The 1993 reprint includes a note copied from Paulsen's handwriting, explaining about the survival aspects of The River that "like all my books it is based on things that happened to me."

==Plot==
Brian Robeson, a 13-year-old boy who spent 54 days surviving alone in the Canadian wilderness the previous summer, is hired by the government to again live in the woods and survive using only his wits so the military can learn his survival techniques. Though reluctant at first, Brian eventually agrees. This time, Brian sets out for a remote Canadian location accompanied by Derek Holtzer, a government psychologist.
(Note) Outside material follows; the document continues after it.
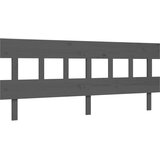  Okvir za krevet s uzglavljem sivi 200 x 200 cm od masivnog drva | shoptok.hr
Though the government stipulated the duo take emergency supplies, Brian insists they abandon everything but a knife and an emergency radio, saying that it would be impossible to eat bugs and sleep in the rain when a tent and prepared food is within reach. During their stay, things take a grim turn when their camp is struck by lightning, which knocks Derek into a coma and destroys the radio. Knowing that Derek will die of dehydration long before anyone finds them, Brian builds a raft in a desperate bid to navigate down the unknown river to Brannock's Trading Post, the nearest inhabited point, for emergency aid. The biggest problem is the trading post is 100 mi downriver. Despite rapids, the craft's unwieldiness, exhaustion, and a lack of geographical knowledge, they finally reach the trading post and Derek survives. After the two get back home, Derek buys Brian a canoe named The Raft as a thank you present.

==Reception==
The River received generally positive reviews. Publishers Weekly said that the book was "as riveting as its predecessor", with praise for Paulsen's writing and Brian's character development. Kirkus Reviews called the book "perfunctory in design but vividly written" and considered it a worthy sequel to Hatchet.